TASK OBJECTIVE -> No pictures belong in the copy. Reproduce exactly the lines beginning at the line containing "Apartamento à venda" and continuing to the end of the entries below.

Extracted data entries ->
■ ■ ■

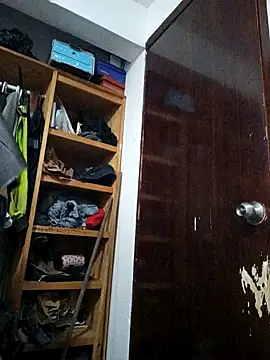 Snapshot of mexicaninuganda chatting on December 2024 12:16:02 PM mexicaninuganda online show from December 2024 12:16:02 PM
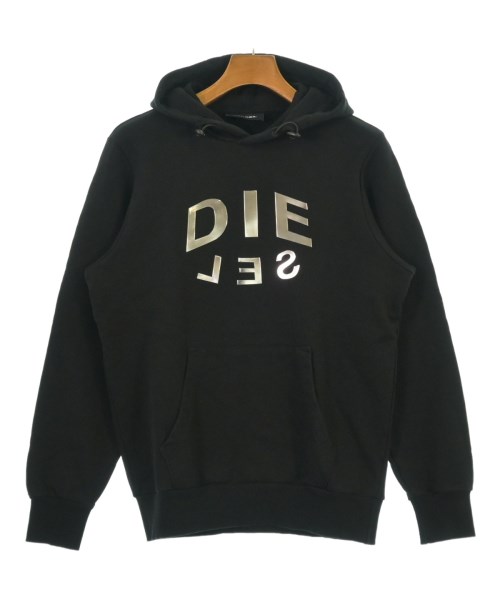 ディーゼル(DIESEL)のDIESEL パーカー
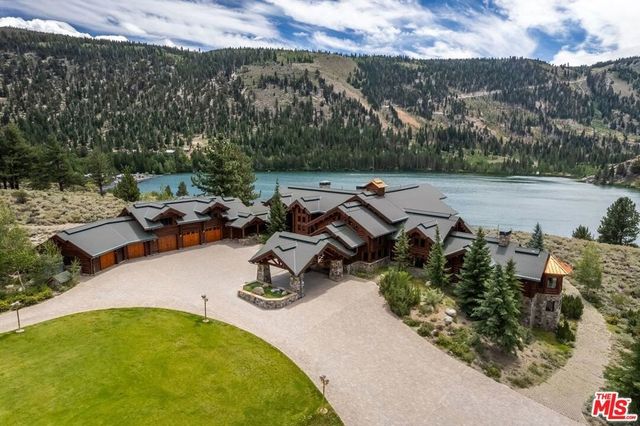 333 Leonard Ave, Mammoth Lakes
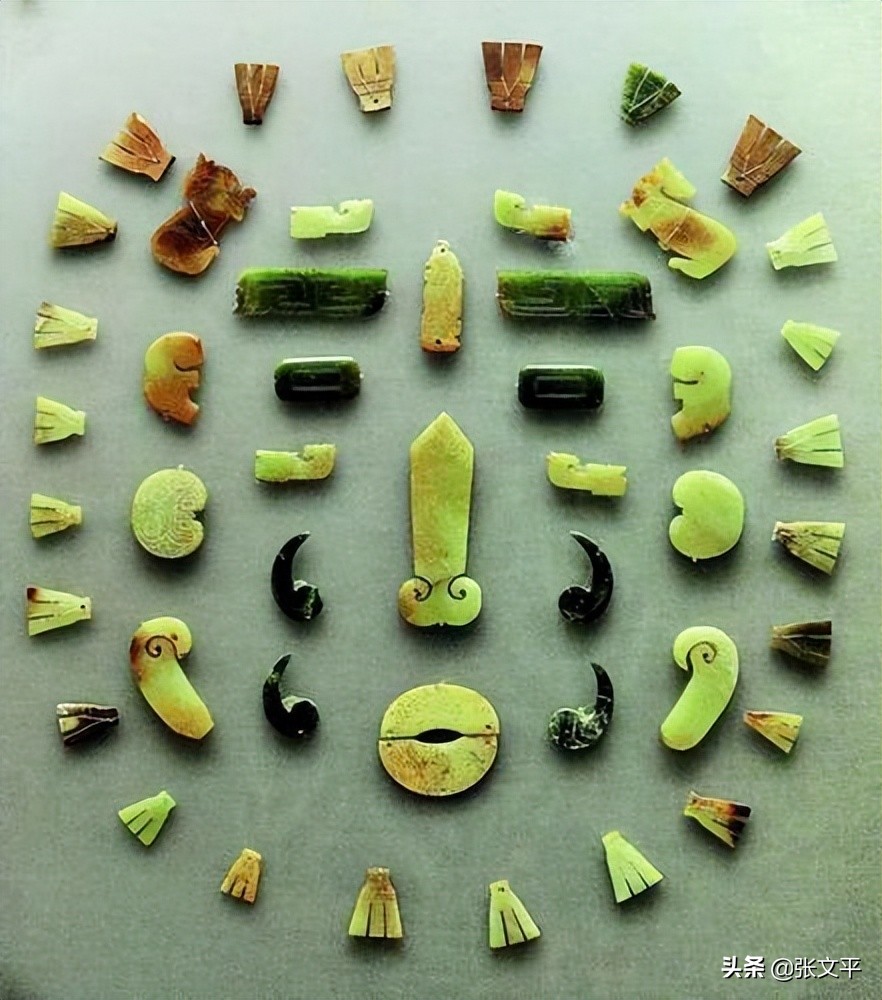 给去世人送被子,给过世的人送棉被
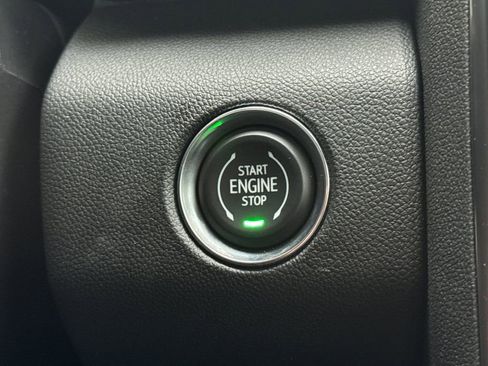 New 2026 GMC Acadia AT4 w/ Super Cruise Package AWD/4WD image 21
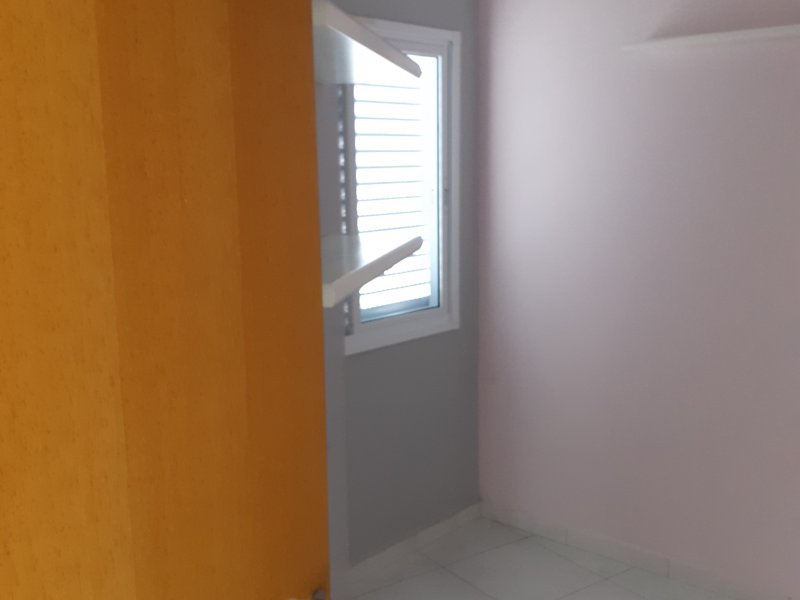 Apartamento à venda Vila Luzita com 51m² e 2 quartos por R$ 220.000 - 434637983-20200506-113620.jpg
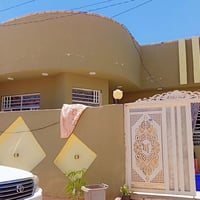 ٢٠٠م • سند حر • مراوس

■ ■ ■

ANSWER ->
 Apartamento à venda Vila Luzita com 51m² e 2 quartos por R$ 220.000 - 434637983-20200506-113620.jpg
 ٢٠٠م • سند حر • مراوس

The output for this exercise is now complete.